Les variations de température et de modèles météorologiques observées dans ce territoire à mi-chemin entre la Norvège et le pôle Nord ont une incidence sur le reste du monde.
« Le Svalbard, c’est une région extraordinaire, c’est d’une beauté à couper le souffle. Malheureusement, cette beauté est devenue aujourd’hui l’épicentre du changement climatique. Cette région et une partie de l’océan autour du Svalbard, c’est devenu une région qui se réchauffe de six à sept fois plus vite que le reste de la planète », dit celle qui travaille notamment pour Arctic Monitoring and Assessment Programme.
La scientifique passe une partie de l’année à Longyearbyen, la ville la plus au nord du monde. C’est dans cette communauté éloignée que se trouve UNIS, l’université la plus septentrionale. Heïdi Sevestre y a fait son doctorat et y enseigne parfois.

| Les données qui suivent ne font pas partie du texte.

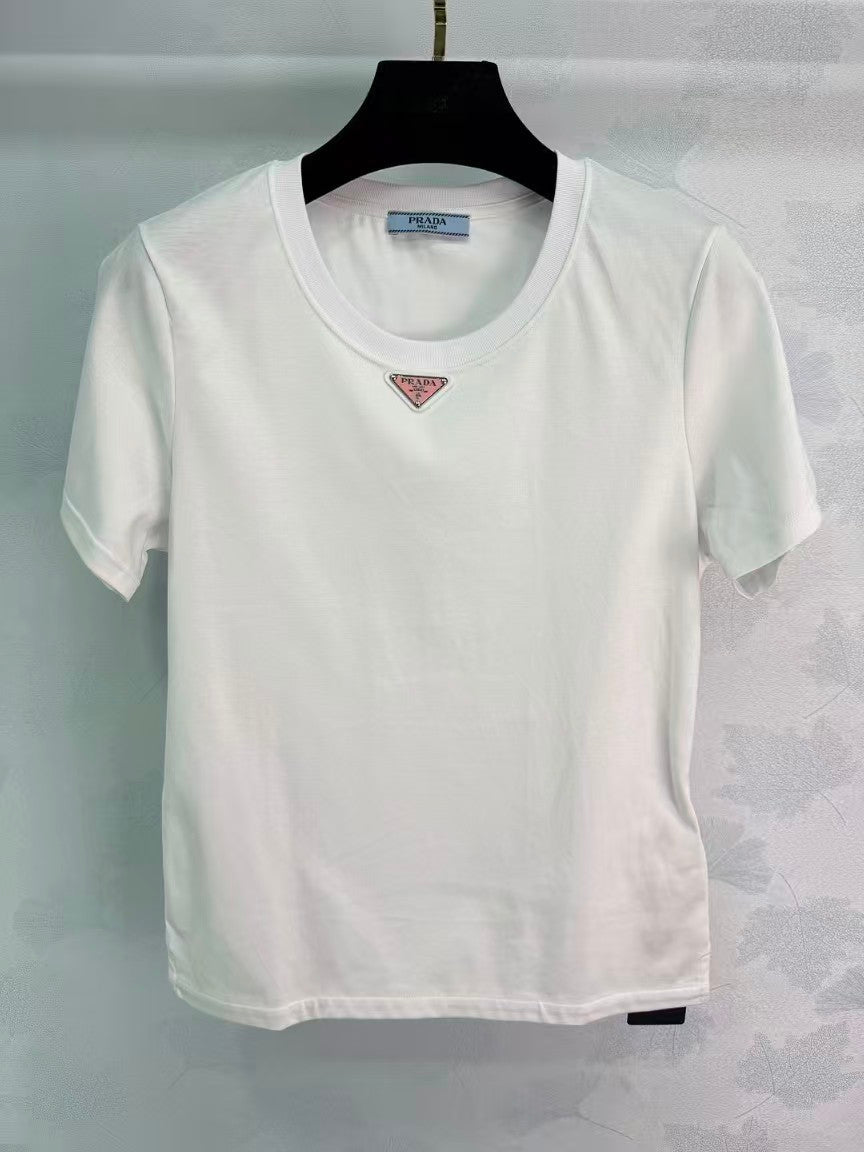 2026 new triangular logo T-shirt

La glaciologue a accès à un immense terrain de jeu scientifique. L’archipel norvégien est recouvert de près de 60 % de glace. Le glacier le plus proche se trouve à peine à trois kilomètres de la ville de Longyearbyen.
La scientifique originaire des Alpes françaises passe rapidement des laboratoires de recherche aux glaciers. Une facilité qui fait l’envie de plusieurs de ses collègues.
« C’est génial pour des glaciologues comme moi. On a tous les types de glaciers, des glaciers qui arrivent au niveau de la mer, qui sont confinés dans des cirques, des petits, des très grands, très lents, très rapides. On a vraiment tout l’éventail de glaciers qu’on peut avoir sur Terre, sauf qu’ici, ils sont super accessibles. »
« Ce qu’on étudie ici, sur les glaciers, ça nous permet ensuite de retranscrire cela sur les glaciers du Groenland et de l’Antarctique. Et ainsi, de mieux comprendre, par exemple, la rapidité de l’élévation du niveau des mers. »
Le contraste est frappant. Heïdi Sevestre est si petite devant les glaciers qu’elle compare à des amis, à des membres de sa famille.
« Les glaciers m’émeuvent tous les jours. Il n’y a aucun doute. Quand je les vois, je suis vraiment hypnotisée par leur beauté, par tout ce qu’ils ont à nous apprendre. Mais je ne peux pas m’empêcher de les regarder avec une certaine tristesse, une certaine souffrance de voir à quelle vitesse les glaciers sont en train de réagir aux changements climatiques. »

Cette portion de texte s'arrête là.